The Most Beautiful Religious Sites in Wales 20 August 2015
With more than 600,000 people visiting Wales’s religious sites each year, it would appear the concept of ‘faith tourism’ in the region is undergoing somewhat of a renaissance. Indeed, Cadw, the Welsh Government’s historic environment service, has reported a year-on-year growth in visits to religious sites like Tintern Abbey.
As the peak summer tourism season looms, Dr Kate Roberts, Cadw’s Senior Inspector of Ancient Monuments and Archaeology, looks at some of the country’s most significant religious sites, and explores the unique details, legends and complex histories that make them such popular places to visit.
St Davids Bishop’s Palace
Being located in Britain’s smallest city doesn’t stop St Davids Bishop’s Palace from pulling in visitors.
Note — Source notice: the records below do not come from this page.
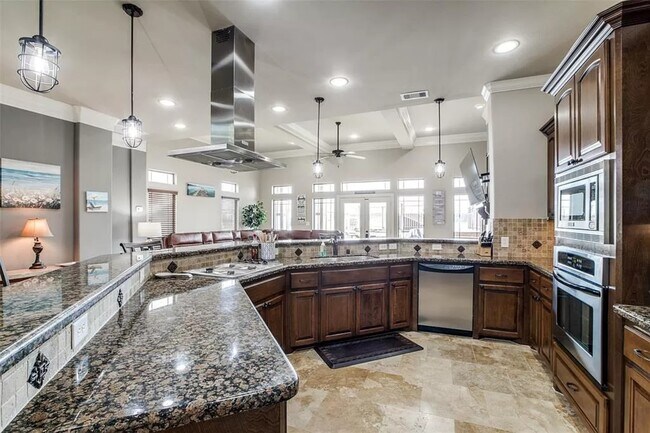 Building Photo - 185 Capetown Way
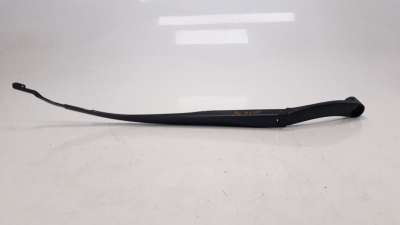Recambio de brazo limpia delantero derecho para hyundai kona 2017- 1.0 tgdi cat referencia OEM IAM 98321J9000  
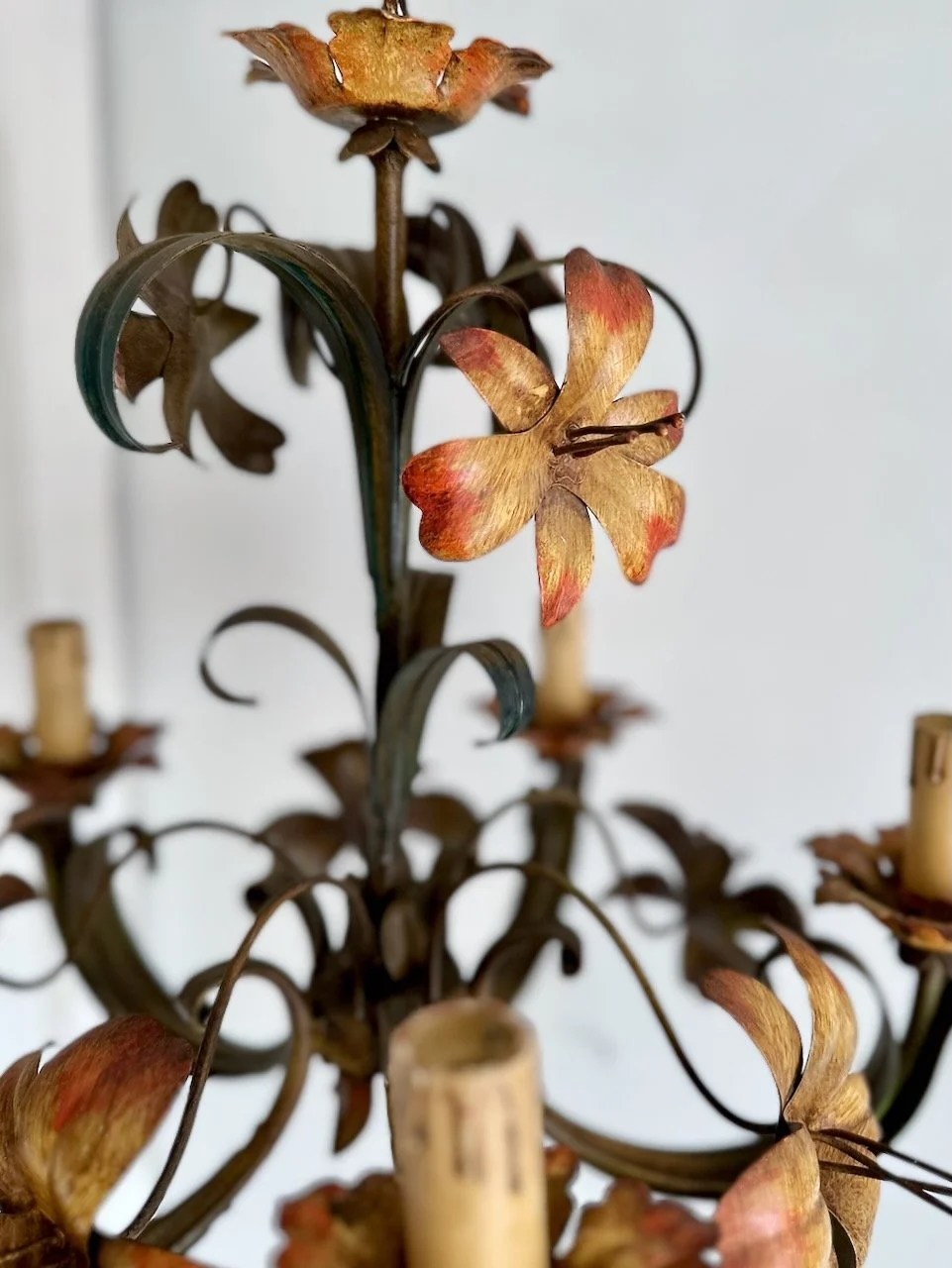 Original hand-painted flowers and scrolling foliage on 1950s Italian Florentine tole chandelier IMG_6556.jpeg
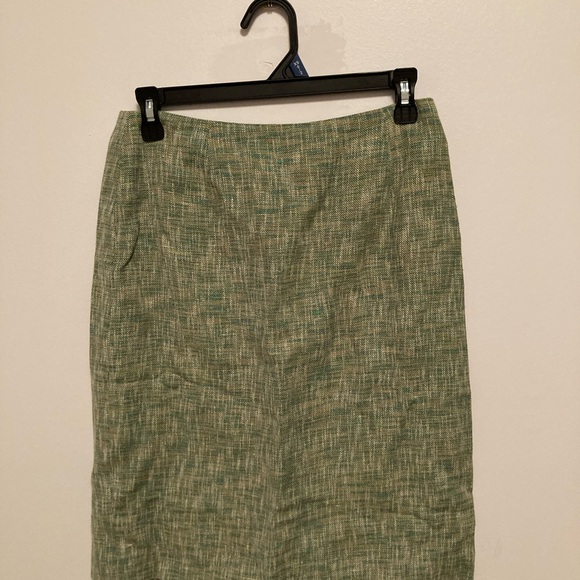 Oscar de la Renta green tweed suit. Size 4P 🎉Host Pick🎉 - Picture 4 of 5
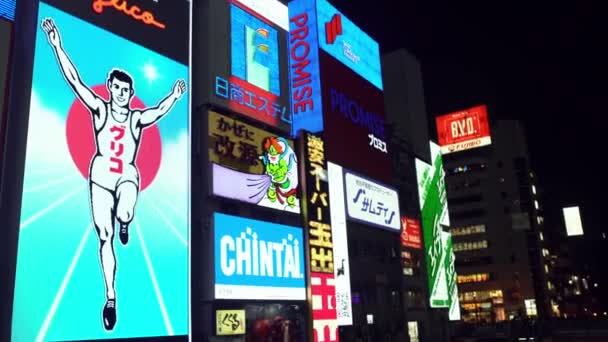 Osaka Japan April 2019 Άνθρωποι Επισκέπτονται Διάσημα Neons Glico Running — Αρχείο Βίντεο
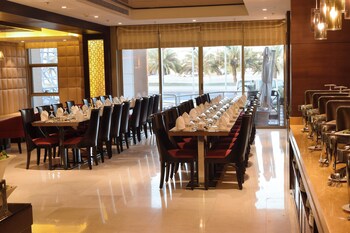 best plus aurora hotel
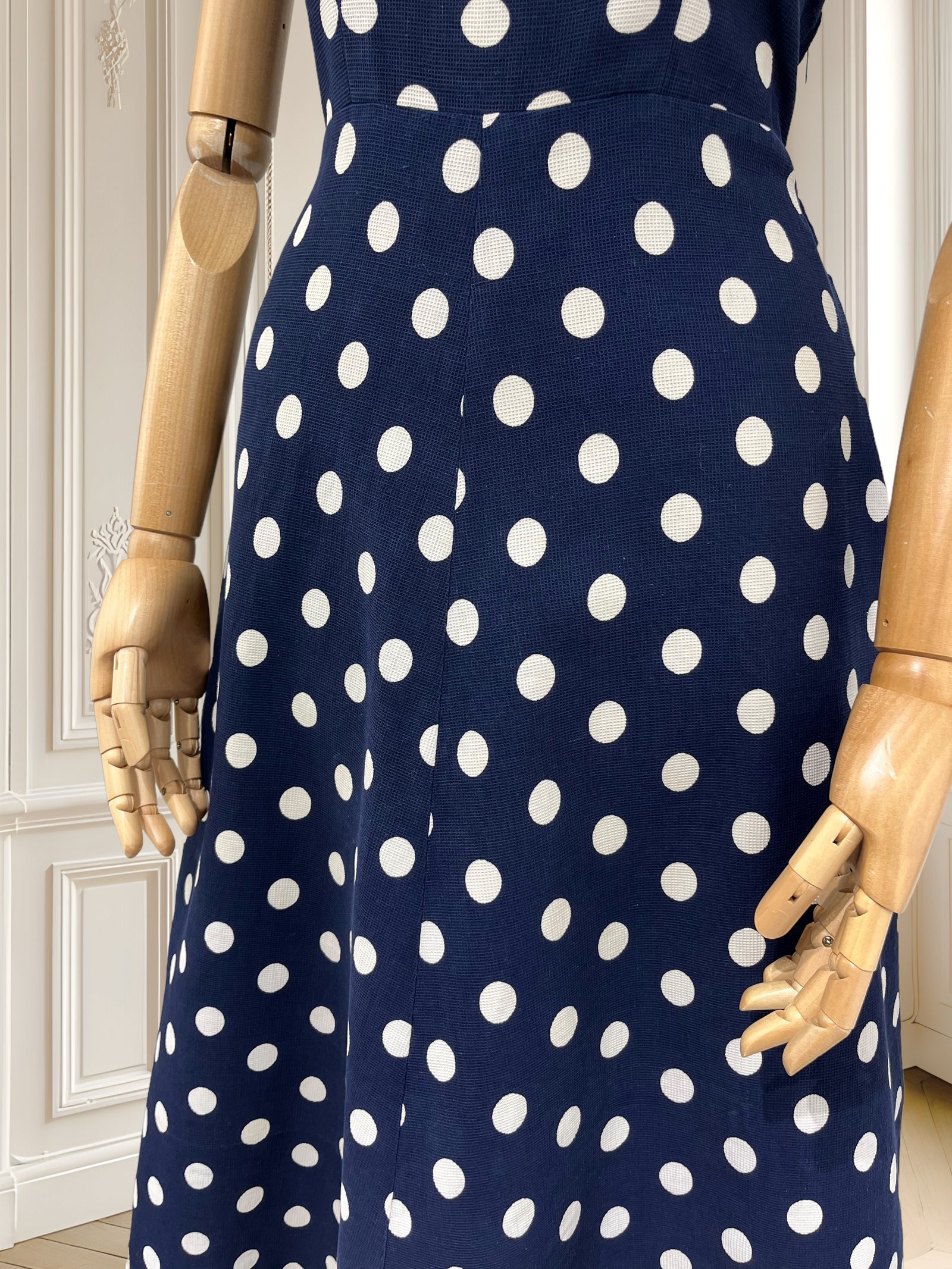 Rochie vntage cu buline lucrată manual mărimea S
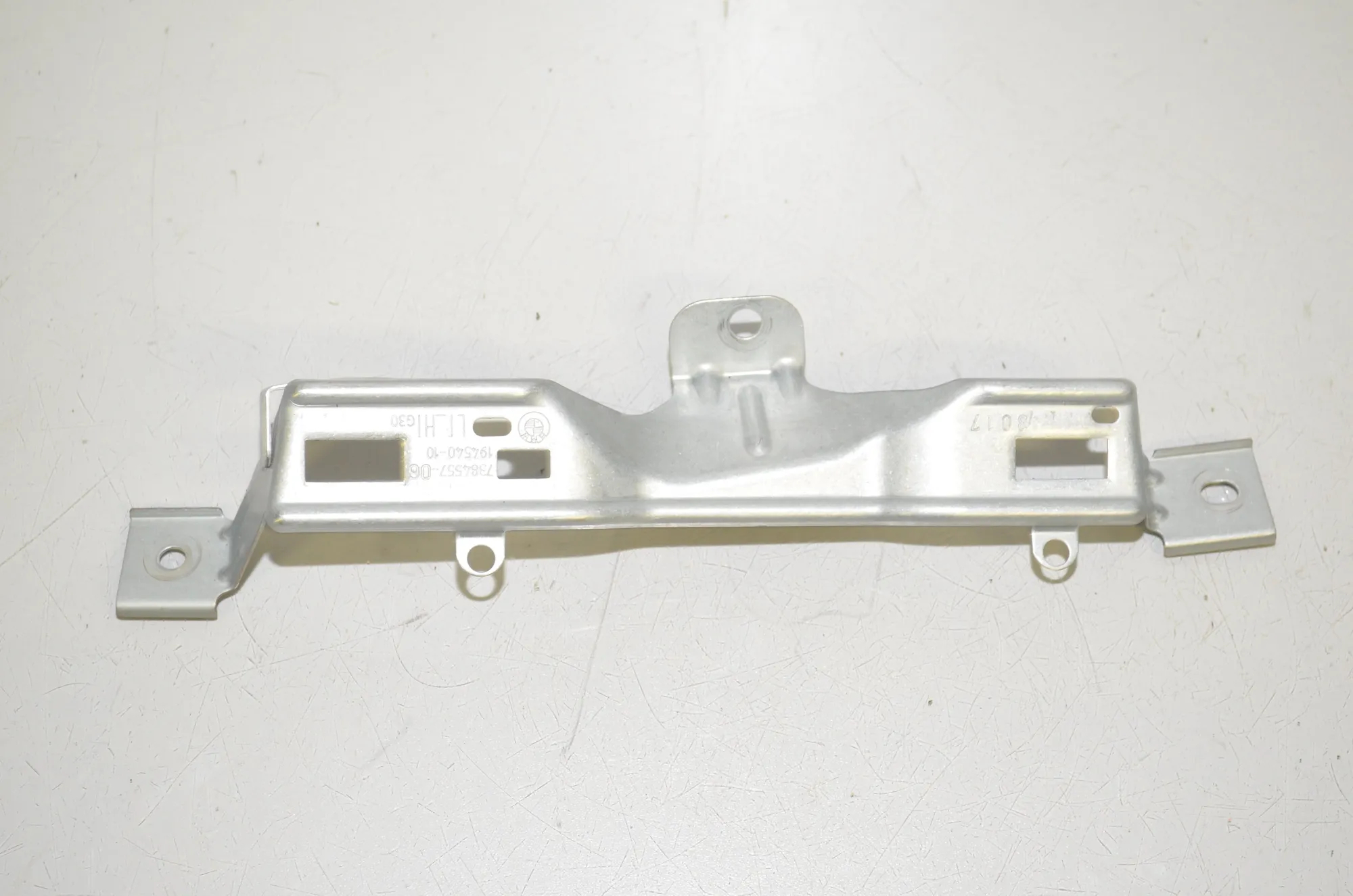 Bracket – OEM 7384557 · BMW 5 (G30) (2016 - -) M 550 d xDrive 2017 – 2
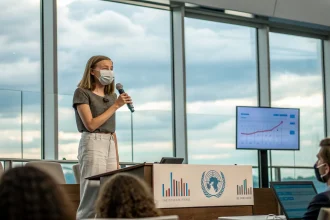violet affleck advocates mask mandates un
Despite its size, the city has seen some of the country’s most significant religious histories play out within its boundaries, encouraging many to regard the area with great importance.
Indeed, in the 12th century, the pope declared that two pilgrimages to St Davids were equivalent to one to Rome. St David himself founded a monastery, probably close to where the cathedral built in his name now stands. The accompanying Bishop’s Palace was built in the 1300s. In contrast to the frugal life of St David and his monks, the bishops lived in the grand palace where they feasted and entertained nobles and kings. The structure evokes a period when religion was the order of the day and bishops were powerbrokers par excellence. Back then the building would have been a riot of colour – red walls, green slate tiles and black and white checkerboard stonework on top.
A recent Cadw conservation project found that quartz stone was used for some of the white of the checkerboard. This would have made it sparkle in sunlight – an undeniable touch of Medieval ‘bling’. From the 16th century onwards, when the bishops moved their main residence further east to Abergwili, the palace fell into increasing disrepair, with some bishops even taking the opportunity to make money by opening it up for tenants.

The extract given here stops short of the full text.